Postby Mick Harper » 12:24 pm

The nub of your argument, Mac, and the source of your error, lies here

I think that when local people could manage their area to the best of their ability they knew what they were doing in terms of agriculture, fishing and whatever else was important to them in their local economy.


This is entirely true. Rationality operates in exactly this way. You pays your money and you make damned sure you get the results you are paying for. However

With power over localities being transferred hundreds of miles away to government bureaucrats


the position has changed but not the way you are implying. It is no longer the locals' money, it is 'our' money ie the national exchequer. And this is not a mere book-keeping exercise, I doubt very much whether the cost of the Somerset Levels is in any way commensurate with the local output of (as you call it) 'agriculture, fishing and whatever else'. If the national piper is calling the tune, 'we' are entitled to say, "Sorry, bubs, but the taxpayers of Bridgwater far outweigh a few local yokels, so we shall design the flood defences with them in mind, thank you very much." Despite the sentimentality engendered by nightly film of crying flood victims, we shall make damned sure that the national interest will be served. And that means townies getting protection uber alles.

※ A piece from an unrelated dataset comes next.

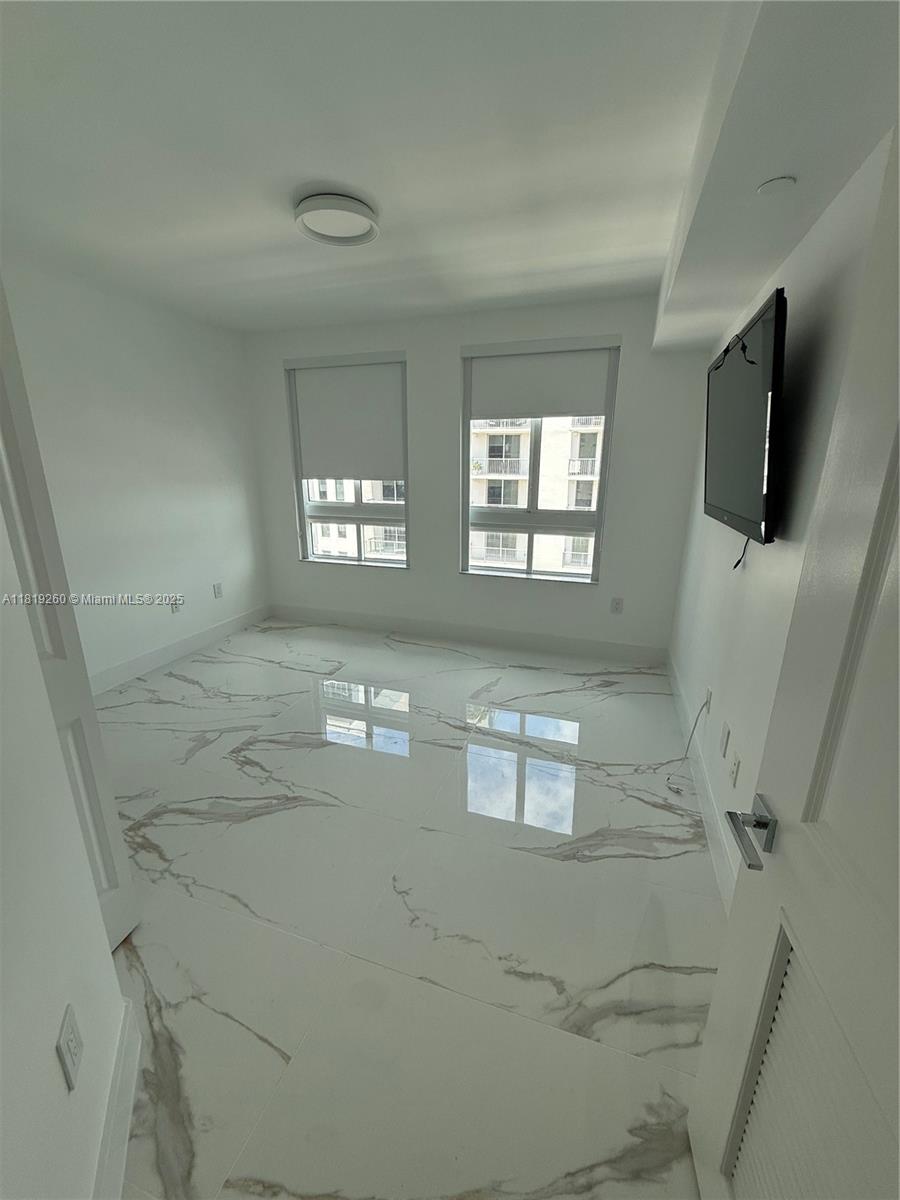 7350 SW 89th St # 2011S, Miami FL 33156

and even further away to europeans the realities of day to day living and coping with the landscape and environment have been lost.


Now, at last, you have arrived at a valid point. Generally speaking, the money is not generated by Brussels so they are not, in rational terms, likely to ensure it is spent well. But there might be a higher rationality at work here. The European experiment proceeds apace. It is far too early to say whether it is delivering the goods or not.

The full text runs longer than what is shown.